I am familiar with scraping data in this format.
{"data":[{"assists":0,"assistsPerGame":0.0000,"evAssists":0,"evPoints":0,"gamesPlayed":1,"goals":0,"penaltyMinutes":0,"playerBirthCity":"Windsor","playerBirthCountry":"CAN","playerBirthDate":"1996-02-07",
import csv
import requests
outfile = open("NHL_Recent.csv","a",newline='')
writer = csv.writer(outfile)
writer.writerow(["Player","Pos","GP","G","A","P","+/-","PIM","PPG","PPP","SHG","SHP","GWG","OTG","S","S%","TOI","Shifts/PG","FOW%"])
req = requests.get('http://www.nhl.com/stats/rest/skaters?isAggregate=true&reportType=basic&isGame=true&reportName=skatersummary&sort=[{%22property%22:%22shots%22,%22direction%22:%22DESC%22}]&cayenneExp=gameDate%3E=%222017-11-4%22%20and%20gameDate%3C=%222017-11-10%22%20and%20gameTypeId=2')
data = req.json()['data']
for item in data:
Player = item['playerName']
Pos = item['playerPositionCode']
GP = item['gamesPlayed']
But not in this manner.
"totalItems" : 600,
"totalEvents" : 0,
"totalGames" : 600,
"totalMatches" : 0,
"wait" : 10,
"dates" : [ {
"date" : "2017-10-04",
"totalItems" : 4,
"totalEvents" : 0,
"totalGames" : 4,
"totalMatches" : 0,
"games" : [ {
"gamePk" : 2017020001,
"link" : "/api/v1/game/2017020001/feed/live",
"gameType" : "R",
"season" : "20172018",
"gameDate" : "2017-10-04T23:00:00Z",
"status" : {
"abstractGameState" : "Final",
"codedGameState" : "7",
"detailedState" : "Final",
"statusCode" : "7",
"startTimeTBD" : false
},
"teams" : {
"away" : {
"leagueRecord" : {
"wins" : 1,
"losses" : 0,
"ot" : 0,
"type" : "league"
},
"score" : 7,
"team" : {
"id" : 10,
"name" : "Toronto Maple Leafs",
"link" : "/api/v1/teams/10",
"venue" : {
"name" : "Air Canada Centre",
"link" : "/api/v1/venues/null",
"city" : "Toronto",
"timeZone" : {
"id" : "America/Toronto",
"offset" : -5,
"tz" : "EST"
}
},
"abbreviation" : "TOR",
"teamName" : "Maple Leafs",
"locationName" : "Toronto",
"firstYearOfPlay" : "1926",
"division" : {
"id" : 17,
"name" : "Atlantic",
"link" : "/api/v1/divisions/17"
},
"conference" : {
"id" : 6,
"name" : "Eastern",
"link" : "/api/v1/conferences/6"
},
"franchise" : {
"franchiseId" : 5,
"teamName" : "Maple Leafs",
"link" : "/api/v1/franchises/5
This is what I have so far with no success.
import csv
import requests
import os
outfile = open("NHL DIF JSON.csv","a",newline='')
writer = csv.writer(outfile)
writer.writerow(["Date","Game","gamep"])
req = requests.get('https://statsapi.web.nhl.com/api/v1/schedule?startDate=2017-10-04&endDate=2018-04-30&expand=schedule.teams,schedule.linescore,schedule.broadcasts.all,schedule.ticket,schedule.game.content.media.epg,schedule.radioBroadcasts,schedule.metadata,schedule.game.seriesSummary,seriesSummary.series&leaderCategories=&leaderGameTypes=R&site=en_nhl&teamId=&gameType=&timecode=')
data = req.json()['dates']
for item in data:
Date = item['date']
##for item in games:
Game = item['0']
gamep = item['gamePk']
print(Date,Game)
writer.writerow([Date,Game,gamep])
outfile.close()
os.system("taskkill /f /im pythonw.exe")
I Would like to pull the "gamePk", "gameDate" from totalGames along with the teamNames within "teams" and other categories.
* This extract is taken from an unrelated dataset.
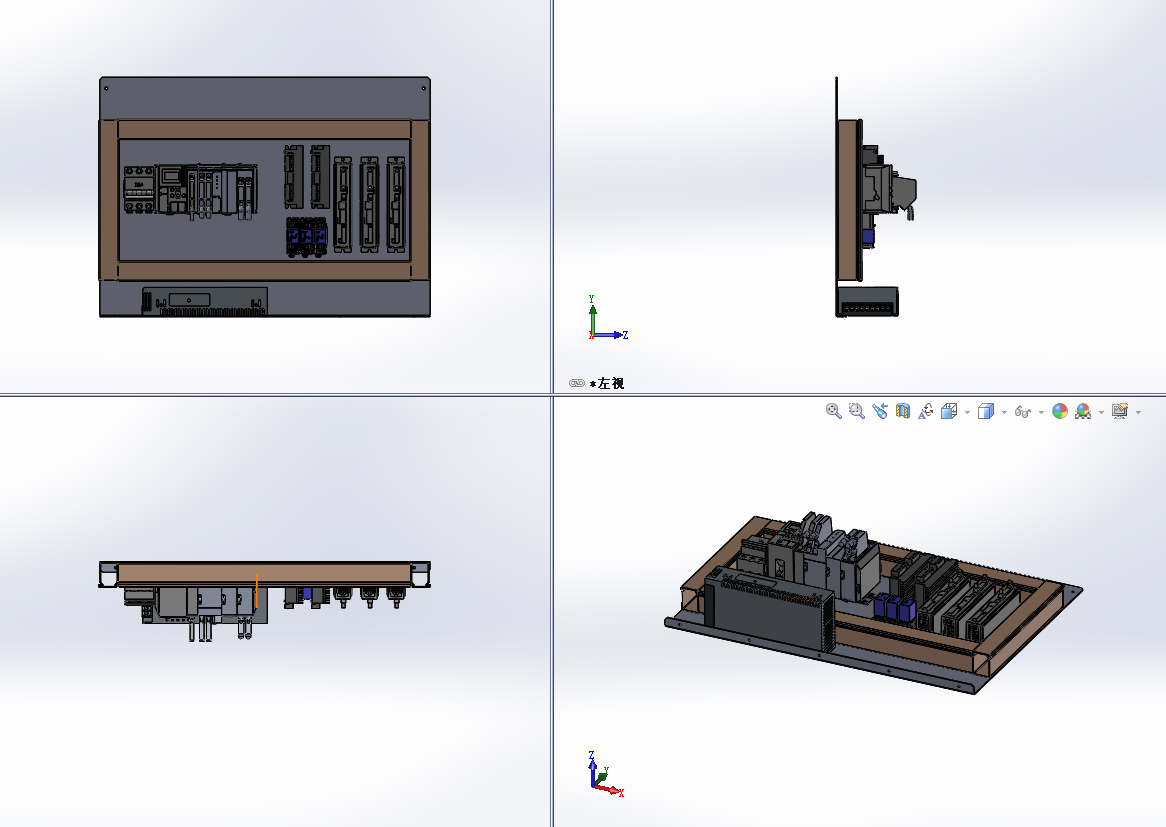 �O�������ģ�K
I eventually would like to put that into a csv with the gamePk, gameDate, teams, score, etc. I'm just not sure how to get through the individual categories, any help would be greatly appreciated! Thanks!
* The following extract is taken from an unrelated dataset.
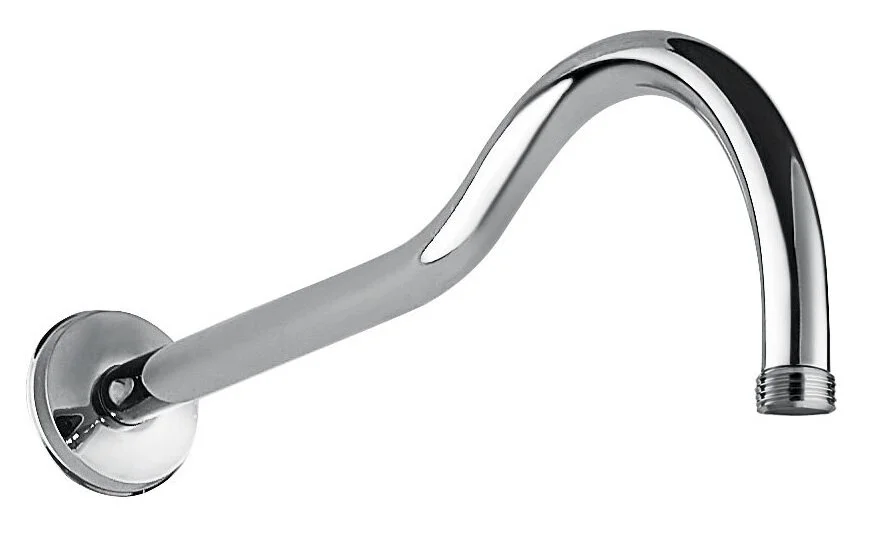 Излив для душа CEZARES  - фото 1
It's normal json data, just a bit complicated. You can get the date from data['dates'][i]['date']. For the teams, score, etc you have to iterate over data['dates'][i]['games'].
req = requests.get('https://statsapi.web.nhl.com/api/v1/schedule?startDate=2017-10-04&endDate=2018-04-30&expand=schedule.teams,schedule.linescore,schedule.broadcasts.all,schedule.ticket,schedule.game.content.media.epg,schedule.radioBroadcasts,schedule.metadata,schedule.game.seriesSummary,seriesSummary.series&leaderCategories=&leaderGameTypes=R&site=en_nhl&teamId=&gameType=&timecode=')
data = req.json()
my_data =[]
for item in data['dates']:
date = item['date']
games = item['games']
for game in games:
gamePk = game['gamePk']
gameDate = game['gameDate']
team_away, team_home = game['teams']['away'], game['teams']['home']
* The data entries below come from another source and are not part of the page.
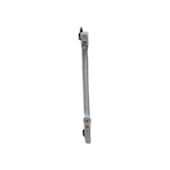 CONDENSADOR CITROEN C4 PALLAS / VTR / HATCH / PICASSO / PEUGEOT 307 / 308 1.6 16V 2006 EM DIANTE - PROCOOLER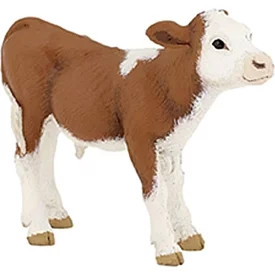 Papo Simmental boci 51134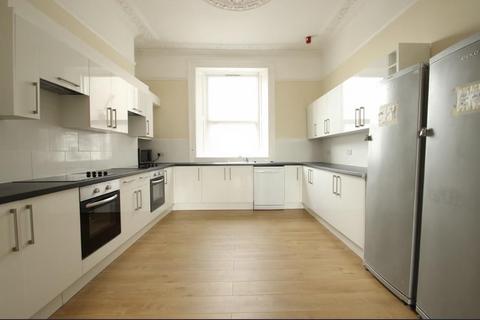9 bedroom house to rent, North Road East, Plymouth PL4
team_away_score = team_away['score']
team_home_score = team_home['score']
team_away_name = team_away['team']['name']
team_home_name = team_home['team']['name']
my_data.append([date, gamePk, gameDate, team_away_name, team_home_name, team_away_score, team_home_score])
headers = ["Date","Game","gamep","gameDate","team_away_name","team_home_name","team_away_score","team_home_score"]
with open("my_file.csv", "a", newline='') as f:
writer = csv.writer(f)
writer.writerow(headers)
writer.writerows(my_data)
As for your last question, you can get the 'pk' from data['gameData']['game']['pk']. The player, event, triCode and coordinates values are a little harder to get because some items don't have 'players' and 'team' keys, or the 'coordinates' dict is empty.
In this case the dict.get method can be helpful because it will return None (or you can set a default value) if you try to access a non-existent key.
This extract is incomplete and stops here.